Last Wednesday I cut my finger. We had gone to a restaurant that serves giant cinnamon rolls. And I mean giant. They weigh 3 pounds and are about four inches high. But yummy! Cinnamon and sugar all through the entire roll, topped with icing that melts in the between the rolled layers. It is not health food. We took three-quarters of it home in a box and planned to share it with guests. I was cutting our portion off, holding the styrofoam platter behind the roll where I couldn’t see it. I sliced into the index finger of my left hand. Of course, I didn’t want to get stitches; I could heal it with band-aids and ointment. That was almost a week ago. It is still sore, but on the mend. A reminder that God is in control. His natural laws work regardless of our dumb mistakes.

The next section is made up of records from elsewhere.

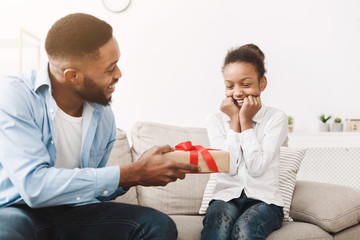 African Father Giving Birthday Present For Daughter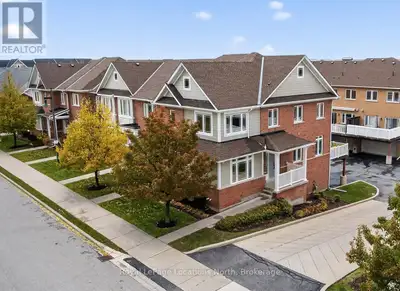 Welcome to 31 N. Maple Street, an elegantly finished end unit townhouse condo that lives and feels m...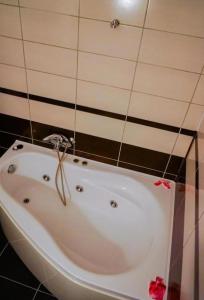 皮特什蒂Hotel Sorelo的浴室铺有黑色瓷砖,配有白色浴缸。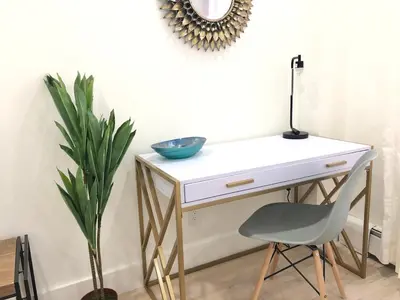 a desk with a chair and a bowl on it at 1597-6 Luxury Studio Upper East Side W&D in New York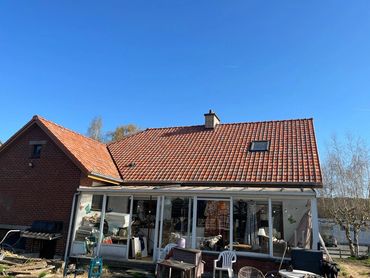 Achterzijde met nieuw dak in rood Latem, harmonieus met veranda en tuin.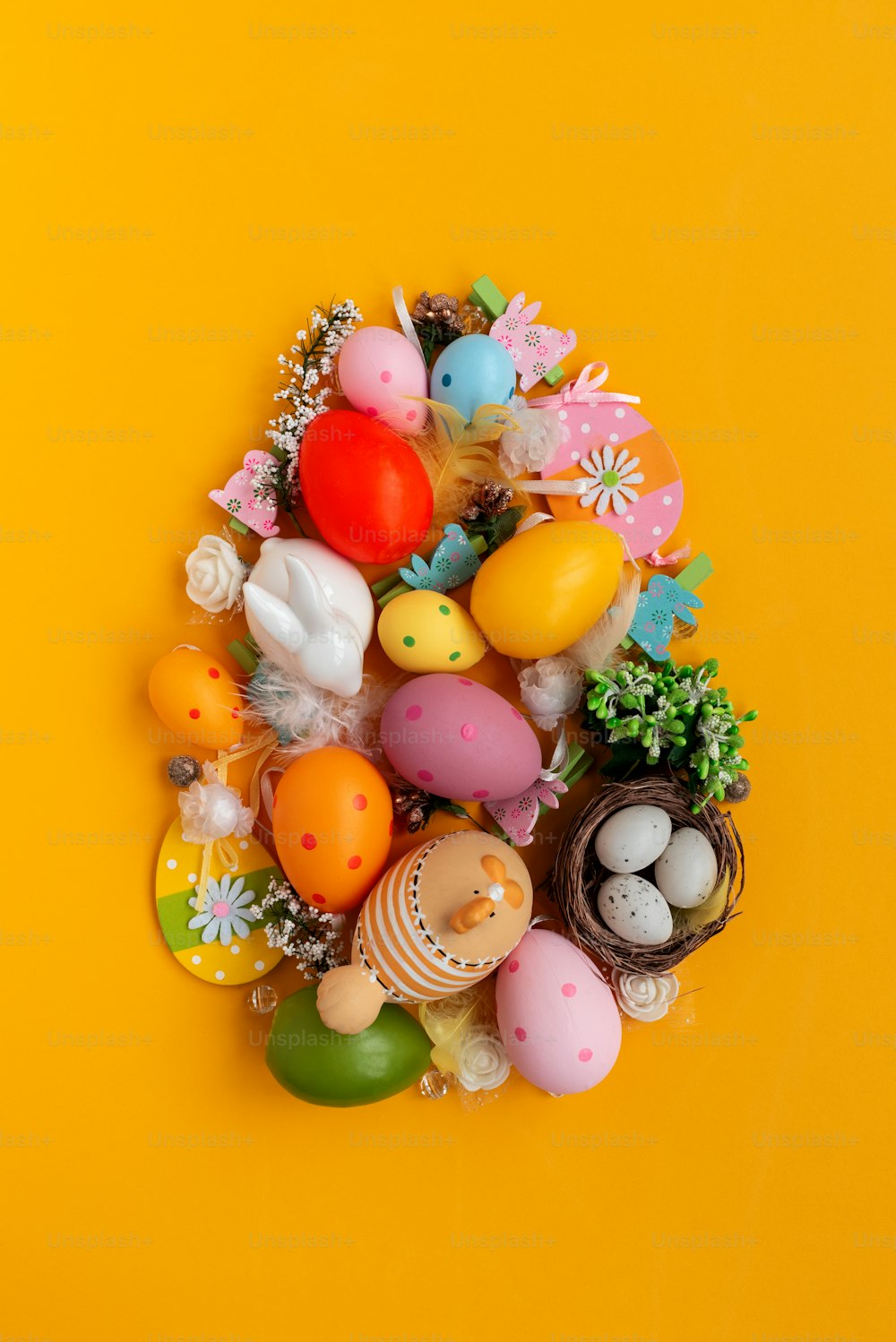 Easter egg shape made of colorful spring flowers and eggs on yellow background.  Easter celebration concept. Top view. Flat lay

My Aunt Joyce  called on Saturday night. Her husband, Charles, passed away on Friday night. She had moved into a new season: widowhood. Uncle Charles has experienced the healing that was not possible in this world. Joyce is left with the pain of grief. However, as surely as cooler temperatures and as surely as my finger is healing, her pain will be lifted little by little until she experiences with Charles the healing that is possible in the world we cannot see from here. God is in control of the seasons of life. His law of love and grace stands strong and immutable.

What season are you in? What pain are you experiencing? Where do you need healing? No matter what you answer, God is in control of even that.

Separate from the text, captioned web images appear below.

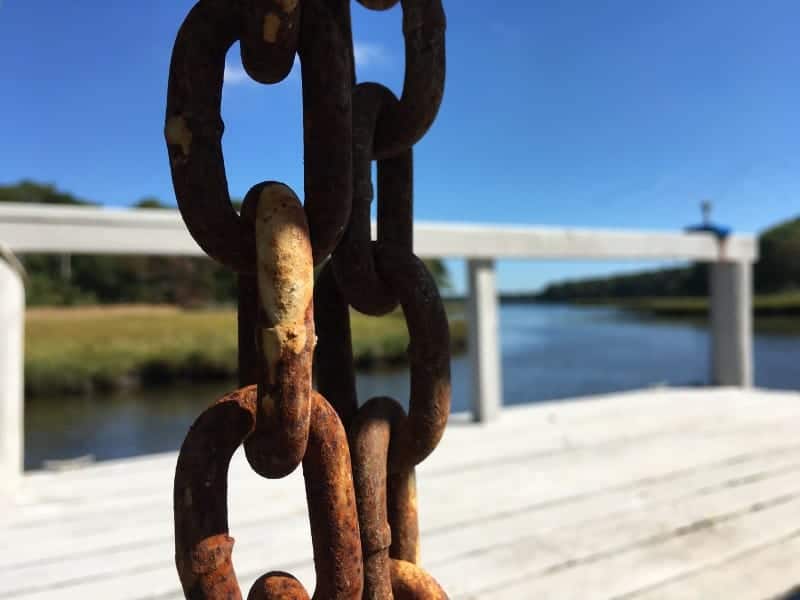 A rusted heavy chain in the foreground.  A dock beside a salt water estuary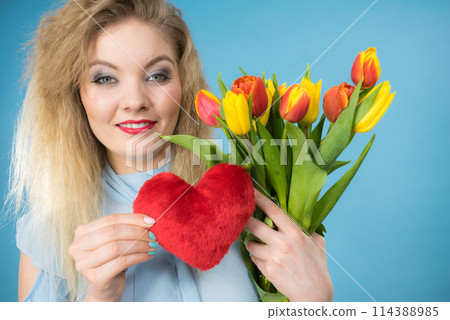 Woman holds tulips and red heart Woman holds tulips and red heart 114388985
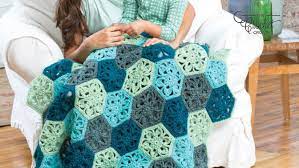 Can you see the world blooming? Crochet Flower Throw Afghan Pattern The Crochet Crowd
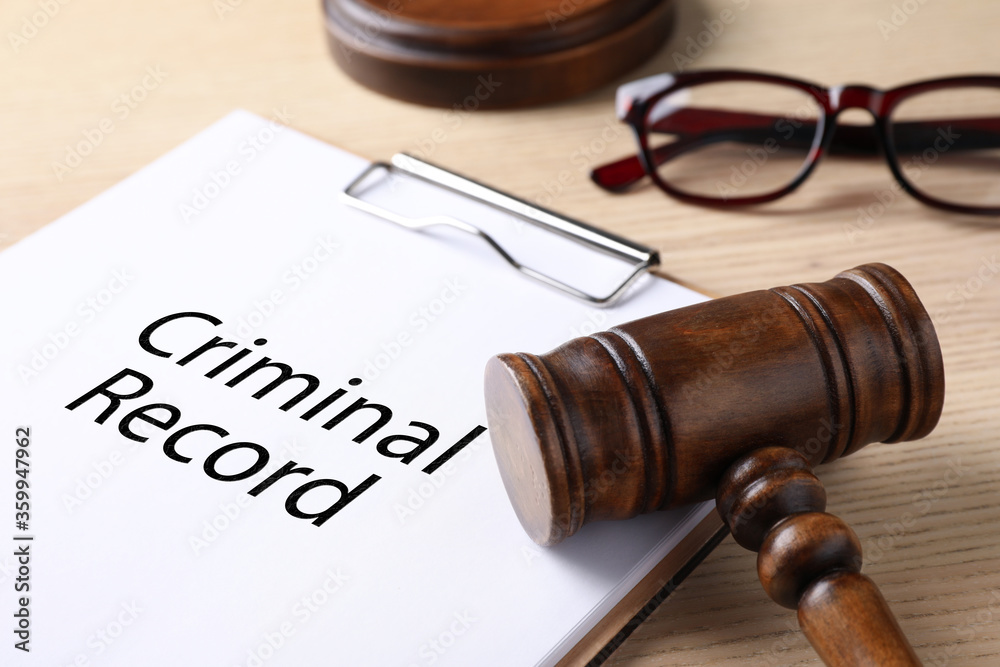 Clipboard with words CRIMINAL RECORD and gavel on wooden table, closeup Clipboard with words CRIMINAL RECORD and gavel on wooden table, closeup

3 thoughts on “Seasons of Healing

  1. Kay I’m sorry to hear about you cutting your finger. I’ve done the same thing and thought I can heal it, wrong. If we would only listen but that is the human in us.
    I’m also sorry to hear about your Uncle Charles and the pain of grief that it is leaving your Aunt Joyce.

    I’m enjoying your blogs so much and always look forward to the next one.
    Dorothy

    1. Uncle Charles will be missed. Just last year, Butch and I visited Joyce and Charles. When we talked about our dance lessons, Charles got out of his wheelchair and insisted on dancing with me. It was very special. It’s a reminder to dance while you can, especially if it’s difficult.